I forget, EVERY YEAR, that I do not in fact have until Christmas Day to finish them.  They have to be finished on Christmas Eve, and for some reason this always takes me by surprise.

Last year's Christmas jammies turned into such a saga that I had people asking me in the middle of December if I was going to post running commentary about them again.  I tell myself that it is because last year's posts brought so much laughter and joy into people's lives.  I suspect, however, that it actually has more to do with the number of friends I have who appreciate a good dose of holiday schadenfreude, which says something about my sewing - and probably something about my friends.


December 22 at 6:52 p.m. - Christmas pajamas for the kids.  Red-and-black plaid.  It seemed like a good idea at the time.

December 22 at 9:22 p.m. - Christmas pajama update: When you're making two pajama tops and you notice that you have made precisely the same error not once, not twice, but FOUR times, where part of the front doesn't quiiiiiite line up with the back ... check the pattern before you just trim that bit to line up neatly. It is JUST POSSIBLE that you'll need that extra bit of material for the neck binding.

December 22 at 11:13 p.m. - Plaid.
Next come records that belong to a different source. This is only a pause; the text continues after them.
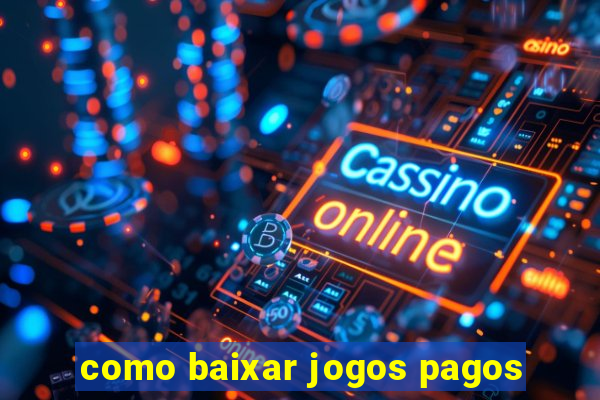 como baixar jogos pagos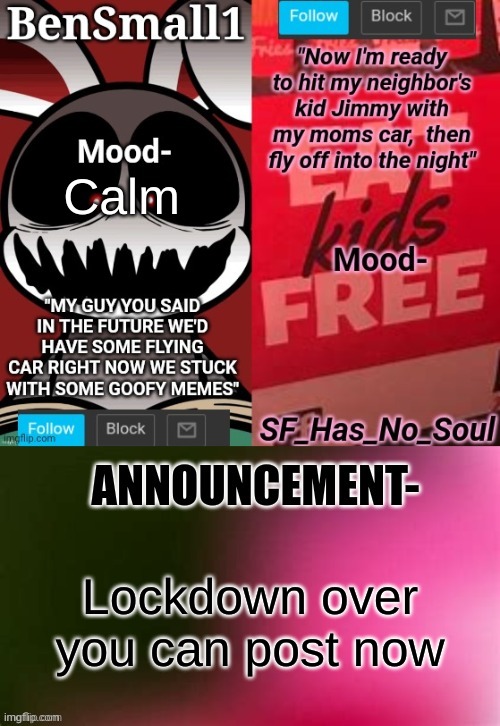 BenSmall1 and SF shared temp | Calm; Lockdown over
you can post now | image tagged in bensmall1 and sf shared temp | made w/ Imgflip meme maker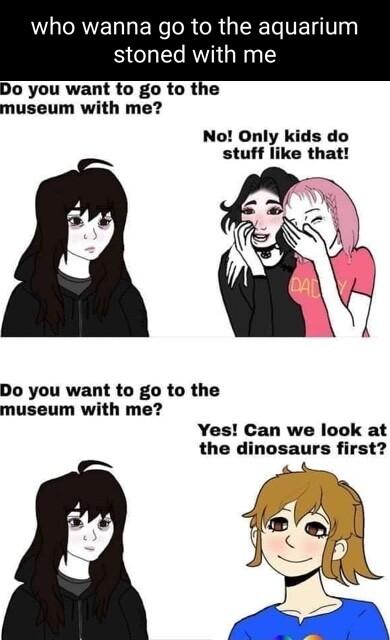 VL RVEL R e R R GERET FEVag stoned with me Do you want to go to the museum with me No Only kids do stuff like that Do you want to go to the museum with me Yes Can we look at the dinosaurs first
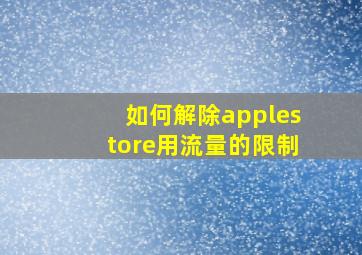 如何解除applestore用流量的限制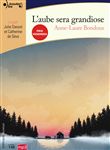 L'aube sera grandiose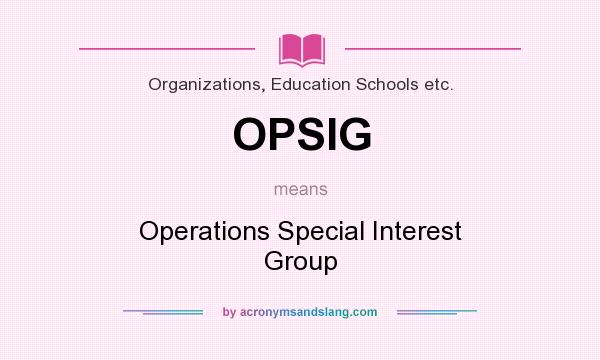 What does OPSIG mean? It stands for Operations Special Interest Group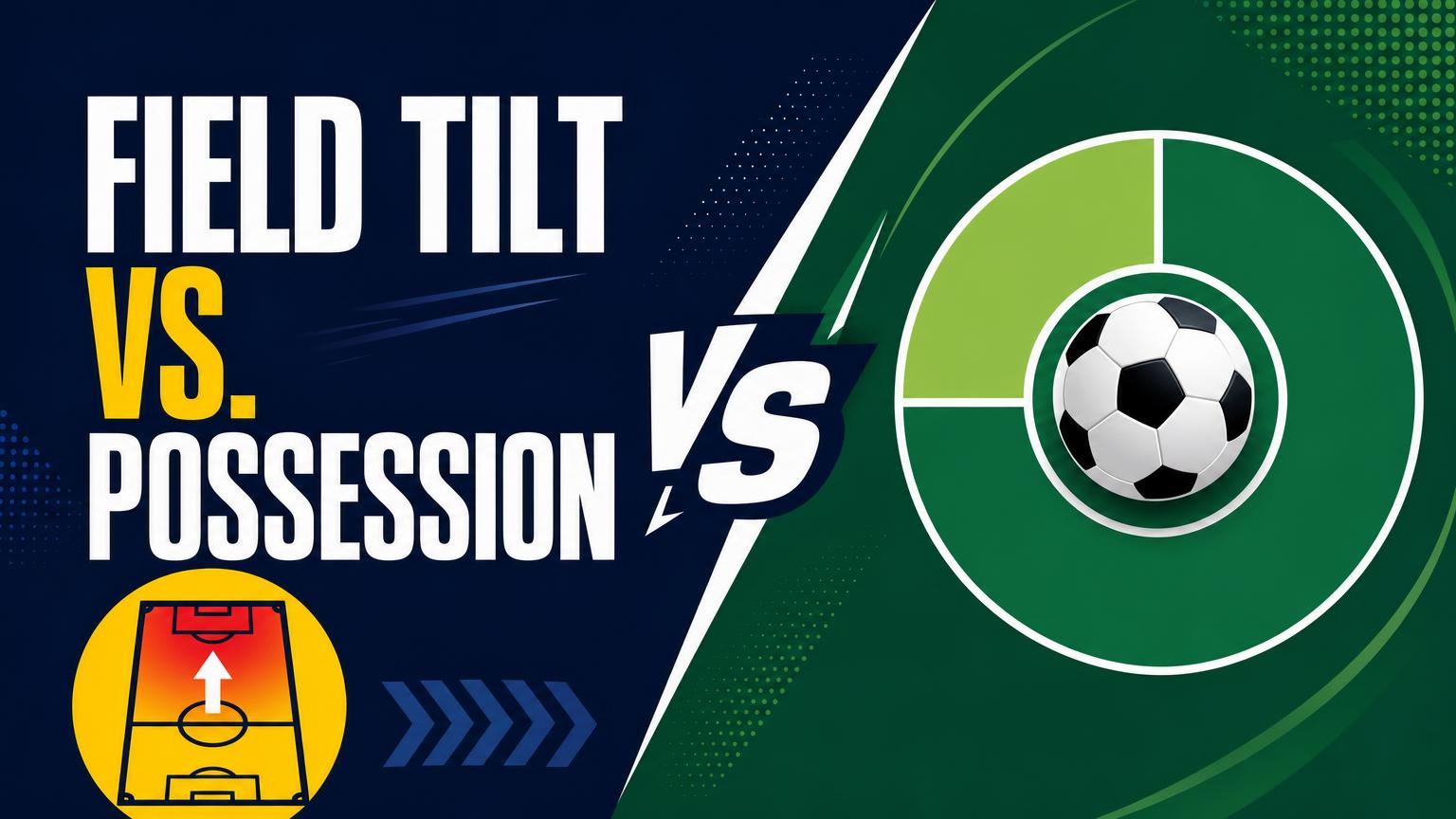 Field Tilt vs. Possession: Which Better Measures Match Control?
Why'd it have to be plaid?

December 23 at 12:23 a.m. - If you are a creature with one head, one arm, and two torsos, I have a pajama top for you. SIGH. I am going to bed now. (On the bright side, the plaids lined up.)

December 23 at 6:10 p.m. (This accompanied the picture that is posted below on Day 461.) - On the positive side, I now have an iron-clad excuse to watch another episode of MI-5 while I rip out the seam that made this garment suitable only for aliens! (whistling "Always Look on the Bright Side of Life")

December 23 at 10:47 p.m. - Christmas Pajama Update (since I know you were all waiting with bated breath): I narrowly avoided making pajama pants for a creature with two very skinny torsos and two (possibly four) legs. I am sure there will be some disappointed little aliens somewhere out there on Christmas morning.

December 23 at 11:53 p.m. - Good quality loose leaf tea (decaf, sadly), crackers, double Gloucester, and a bit of Cotswold cheese. It may not HELP me sew Pajama Pants For Humans, but it certainly can't hurt.

December 24 at 12:15 a.m. - Do you think that anyone will notice if the fronts of the pajamas are inside out? That frazzly-edged connecting seam between the plaid and the black accent material isn't THAT noticeable, is it? It is? I was afraid of that. (Here is me not chopping them into tiny bits with my lovely sharp scissors, hurrah me!)

December 24 at 1:54 a.m. - We will all pretend that I did not just sew the entire waistband of Peter's pajama pants using the random spool of thread I'd been using up on another section for basting thread that would be removed. PINK thread, did I mention that? Aaaaand that's my cue to go to bed.

December 24 at 7:31 p.m. (since I had forgotten that we had a 2-hour family event an hour's drive away) - I don't believe in jinxes. But I am starting to think that if I post ONE MORE WORD about these dratted pajamas on Facebook, I will discover that I have made a pair of jammie pants suitable only for a three-headed octopus.

And finally, after far too much ripping-out and sewing-back-together ...

December 24 at 9:56 p.m. - Imported British tea, crackers, Double Gloucester, Stilton, white Irish Cheddar, kids in jammies (with proper number of heads, legs, and arms), and Polar Express. Quite nice. (I mean the jammies have the proper number of appendages, not the children. Well, the children do too, I suppose, but I hoped that was a given.)

1 comment:

  1. I think they're lovely! (Although, they clash a tad with the carpet.) I've got a photo of myself when I was about 9 wearing a pair of pants my mom made out of a plaid quilt. I was wearing them OUTSIDE. She was very proud of them. I was too ignorant and young to be embarrassed. Moms are blessed creatures and Scarlet O'Hara has nothing over on them.